And while we’re at it, if the Second Amendment to your Constitution is so sacredly perfect, how come so many of its supporters think the rest of your Constitution is capable of producing a tyrannical government against which they need to arm themselves? Why do “checks and balances” have to be interpreted as a permanent cold war?

We could try raising our children to be decent, rational human beings who DON’T commit mass murder. Somehow this doesn’t seem like too much to ask. But I guess because it is difficult, it would be much easier to just take people’s guns away.

Liberals are the fearful ones? Really? Who are the ones who won’t leave their house without a gun on their hip? Who are the ones who are certain they need to arm themselves against home invasions? I’m afraid of lots of things (I’m looking at you, ceiling spider), but getting bushwhacked in public or my bed is not one of them.

OK, I’m in. You are too I take it. Let’s just assume some children aren’t going to be raised to be decent, rational human beings. What now?

Not to mention the “ignorance” bit. What am I ignorant about exactly?

The pro-gun lobby likes to get smug about slapping down its favourite strawman, namely that gun-control advocates think guns are magical and evil and are the problem in themselves (“guns don’t kill people, people kill people”).

I don’t think these things or know anyone who does.

Maybe you haven’t heard of this thing called “jail.” Or “the criminal justice system.” It’s kind of a big deal, and I hear it was designed specifically to deal with cases such as this.

Is that before, or after they are responsible gun owners?

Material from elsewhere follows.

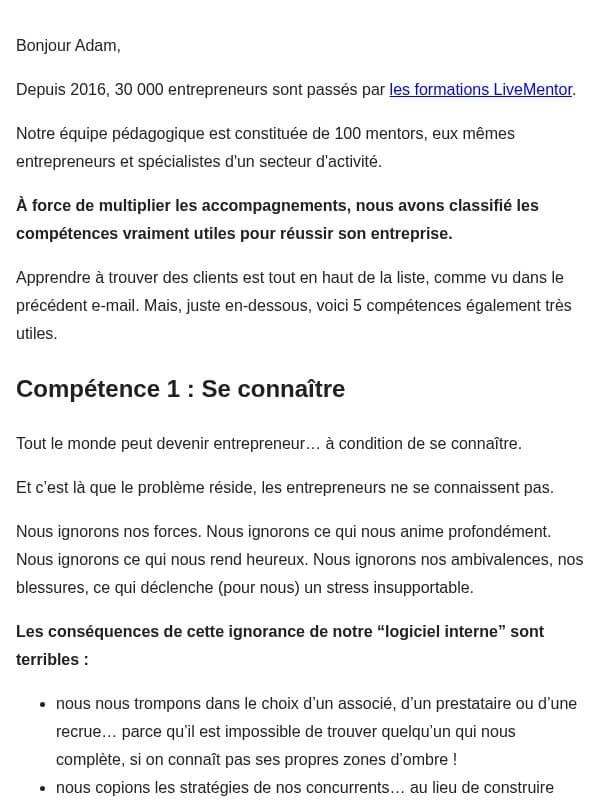 Les 5 compétences les plus utiles pour vivre de son projet email from LiveMentor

There is not, per se, a “gun show loophole”. In every state I’m aware of, it is a crime to sell, give, or otherwise transfer a gun to someone who is not legally permitted to own one. If Judy straw-buys a gun for her boyfriend Bob who can’t because of his previous felony convictions, Judy is looking at jail time if they’re caught. It’s just that only federally licensed gun dealers are required by the terms of their license to perform a prior background search- something they have the facilities to do, which most private gun owners don’t. One can debate whether all gun transfers should have to go through a background check; but implying that gun shows are somehow a sneaky violation of the spirit of the law is misleading.

Then why do anti-gun people shit themselves at the sight of someone legally carrying, convinced they’re about to be bushwhacked, and phone in “man with a gun” alarms to 911? Sounds like fear, even paranoia to me.